The primary sequence contains all the information to define the three-dimensional structure of a protein and its biological functions. The mutation or deletion of any amino acid may have a big impact on folding and stability. It takes nanoseconds (ns) for the peptide to form an intermolecular contact. The timescale of loop closing is 10 nanoseconds (ns). The formation of alpha-helical peptides is 200 ns,  beta hairpins, and mini-proteins in 1–10 ms timescale. Many studies had a very good agreement between measured and calculated folding rates.

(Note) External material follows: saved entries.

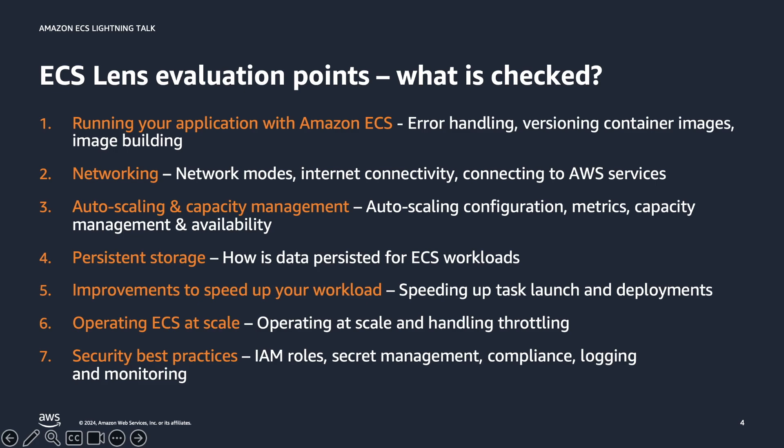How to incorporate network and storage best practices into your ECS workload. How to handle auto-scaling of your container workload and ensuring there's enough capacity available for your containers. How to improve speed of launching your ECS tasks and deployments. And how to operate ECS at scale and securely run your workloads.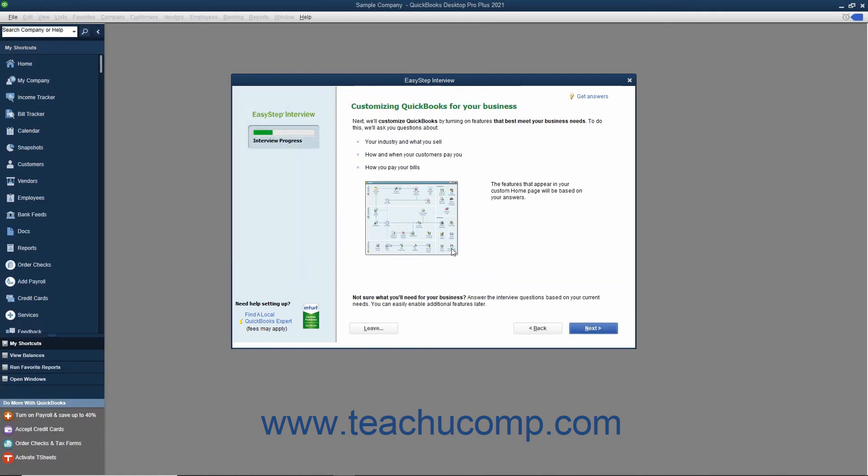The next screen you will see in the EasyStep interview is the Customizing QuickBooks for Your Business screen. The screen informs you that the next several screens will customize your QuickBooks company file by asking you questions about your company, your customers, and how you pay your bills. At this point and hereafter, you can click the Leave button in the lower left corner of the EasyStep interview screen to save your progress and return later to complete the EasyStep interview if needed. Once you are ready to continue, click the Next button.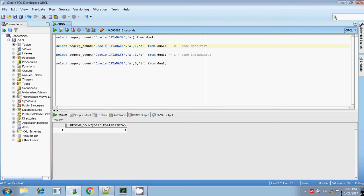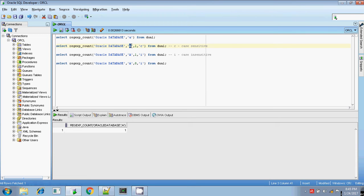In the next example, REGEXP_COUNT is counting the character capital 'A'. There are totally four parameters you can pass in REGEXP_COUNT. The third parameter is mentioned as one, meaning you are going to search from the first character. The fourth option, if you give 'C', means it is case sensitive.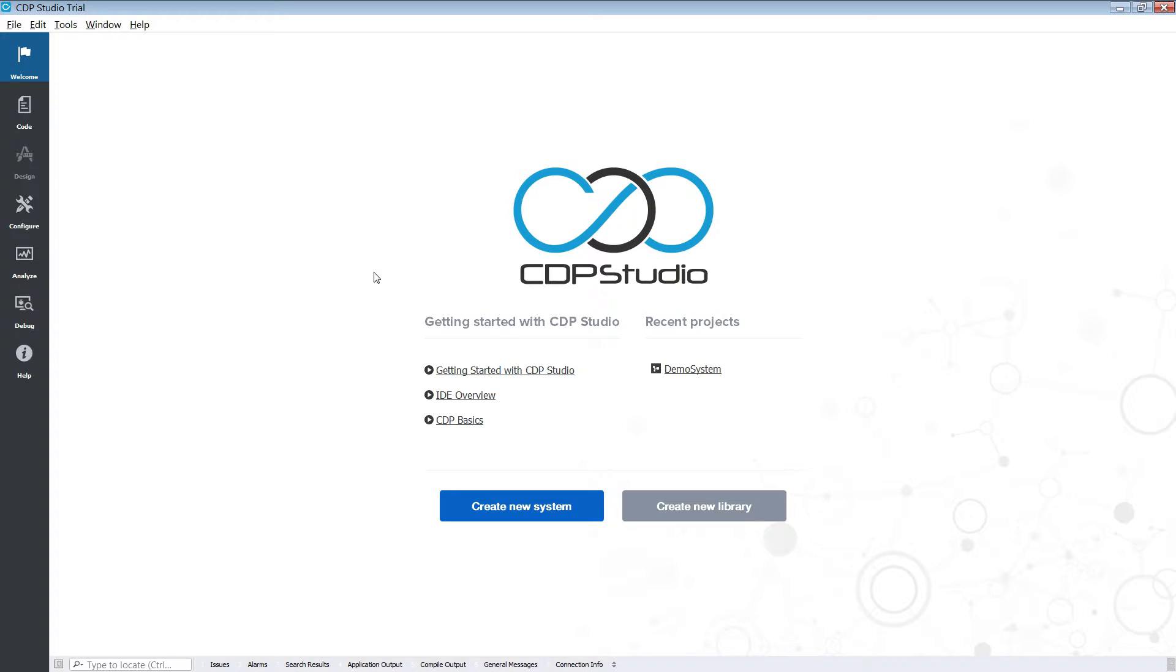So let's start by opening our system. We can do this via the recent projects section on the welcome screen or through the file menu.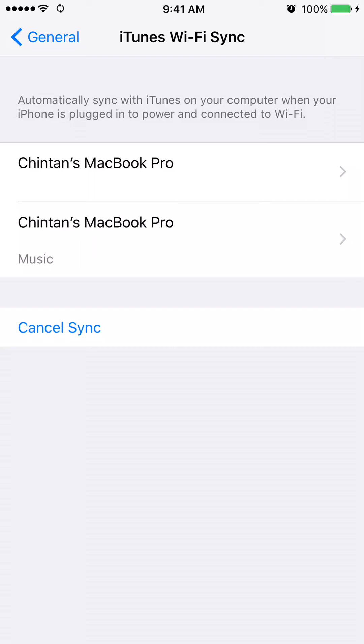Then your iPhone will sync to iTunes wirelessly. If you have found this tutorial to be helpful, please rate, comment, and subscribe. Have a good day.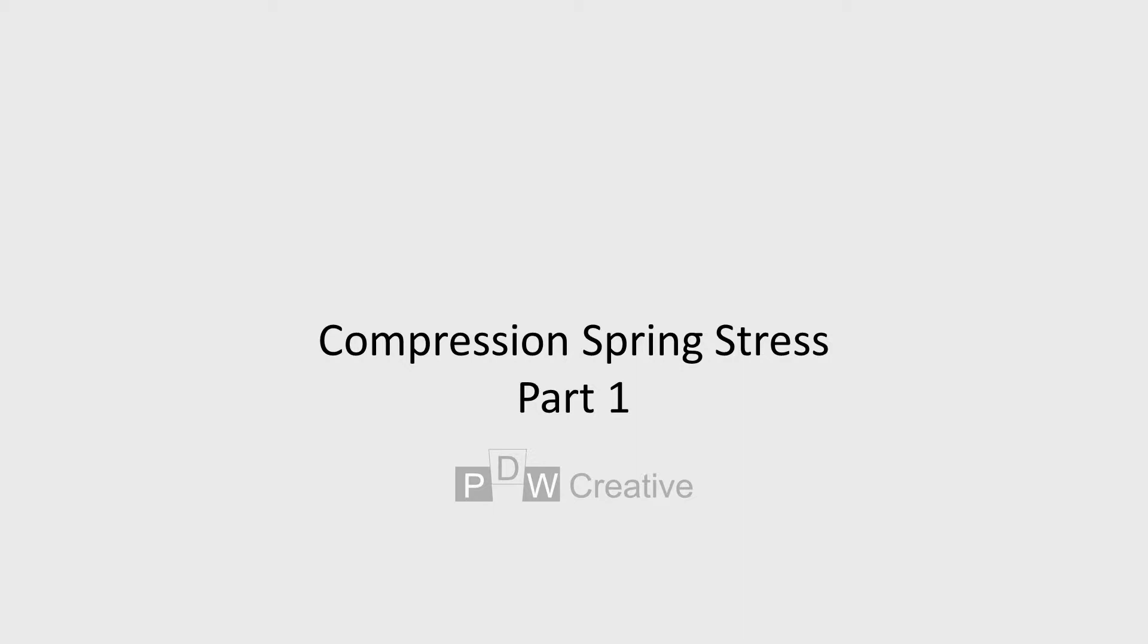Following on from our video focusing on compression spring force, deflection and rate, we can now go into spring stress.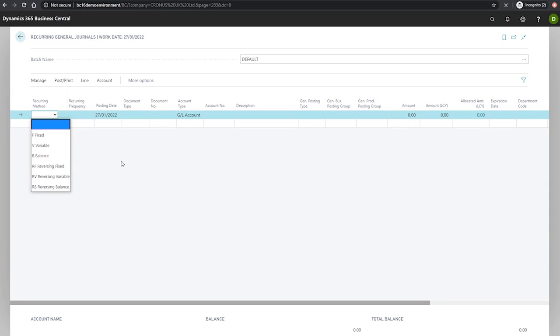Reversing fixed, where the amount on the journal line is the same after posting and reversing entries are posted the next day. Reversing variable, where the amount on the journal line is deleted after posting and again, reversing entries are posted the next day. And finally, reversing balance, which operates the same as balance with reversing entries posted the next day.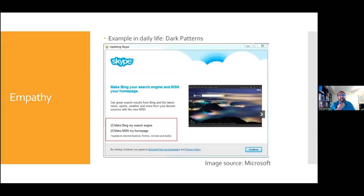An example of empathy — or the lack thereof — in the real world: this is a negative example, what UX designers refer to as a dark pattern. This is an old Skype installation window. In the bottom left corner, this installation forces you to make Bing your search engine and MSN your homepage, hidden in tiny text, because when you install software you typically just click continue until it's done. This is called a dark pattern — the explicit use of UX design to create a negative impact on your users. This is considered a no-no. It's an example of a UX designer not being empathetic, presenting a solution that is not what the user wants.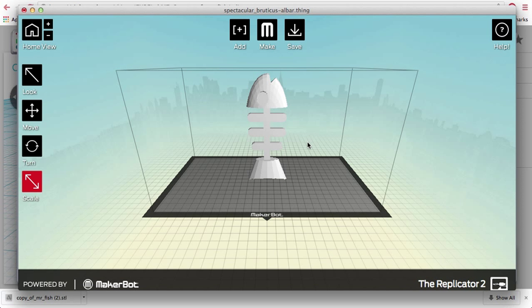But for our purposes, I just want to make it bigger so that you can see it. So again, you can make it the size of the orientation that you desire.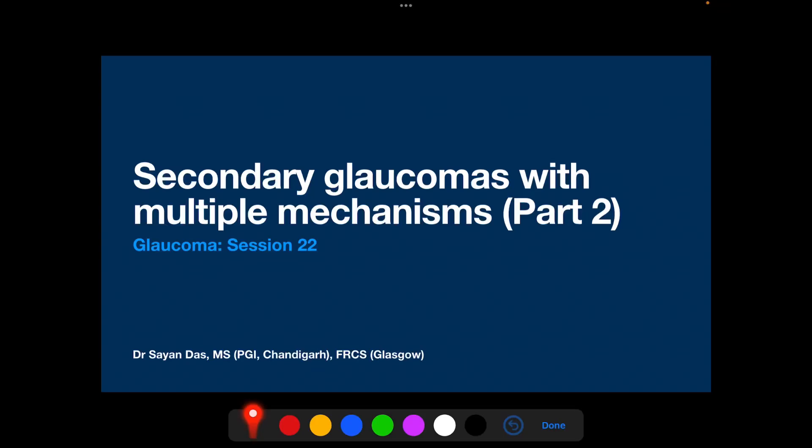Welcome. In this second session on secondary glaucomas with multiple mechanisms, we will be discussing glaucomas following trauma and intraocular surgery. We have discussed some of these mechanisms in earlier sessions, which we will be mentioning as we proceed.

Many factors such as temperature, pH,  molecular chaperones, salts, and denaturants may affect a peptide in reaching its native state.

So it is critical to minimize factors that affect protein refolding. A successful folding should have inadequate denaturant concentrations to destabilize the native state of a peptide or protein. GuHCL can be used in order to disrupt the hydrophobic interactions within the tertiary structure.

  1. The peptide was solubilized in resuspension buffer (50 mM Tris, pH 8, 6 M GuHCl (Sigma, G4505), 10 mM DTT, 2mM EDTA) by vortexing.
  2. Use enough resuspension buffer such that the final peptide concentration is 0.2mg/ml.
  3. The resuspended peptide was then diluted 50% in dialysis buffer #1 (50 mM Tris, pH 8, 2 M GuHCl, 2mM EDTA) resulting in a 4 M GuHCl-containing solution.
  4. The peptide solution was then dialyzed overnight at 4°C in snakeskin dialysis tubing (Pierce) against 2 L of buffer #1.
  5. The following day the dialysis buffer was changed to 2 L of dialysis buffer #2 (50 mM Tris, pH 8, 1 M GuHCl, 0.4 M Arginine (Sigma, A5006), 3 mM Reduced Glutathione, 0.9 mM Oxidized Glutathione, 2mM EDTA) for overnight dialysis at 4°C.
  6. The following day the dialysis buffer was diluted 50% with water and dialysis continued overnight.
  7. Any insoluble material was centrifuged (18000×g at 2–8°C for 20 minutes) and the remaining peptide solution dialyzed overnight at 4°C against 1 L of dialysis buffer #3 (50 mM Tris, pH 8, 250 mM NaCl, 0.1 M Arginine, 3 mM Reduced Glutathione, 0.9 mM Oxidized Glutathione, 2mM EDTA) to remove the remaining GuHCl.
  8. The final dialyzed protein solution was clarified by centrifugation (18000×g at 2–8°C for 20 minutes) and the supernatant was separated by RP-HPLC.

References:

Protein Refolding for Western Blotting

For refolding, proteins in the SDS-Polyacrylamide gels were incubated in transfer buffer I (0.01% Triton X-100, 48 mM Tris, 39 mM Glycine, 20%methanol, pH 9.2) twice for 15 min, and then transfer buffer II (48 mM Tris, 39 mM Glycine, 20%methanol, pH9.2) twice for 15 min, then transferred onto Immobilon-P membranes (Millipore) in transfer buffer II and processed by standard procedures for Western blots.

Reference: Zhou J, Blissard GW. Mapping the conformational epitope of a neutralizing antibody (AcV1) directed against the AcMNPV GP64 protein. Virology. 2006 Sep 1;352(2):427-37. doi: 10.1016/j.virol.2006.04.041. Epub 2006 Jun 14. PMID: 16777166; PMCID: PMC3767133.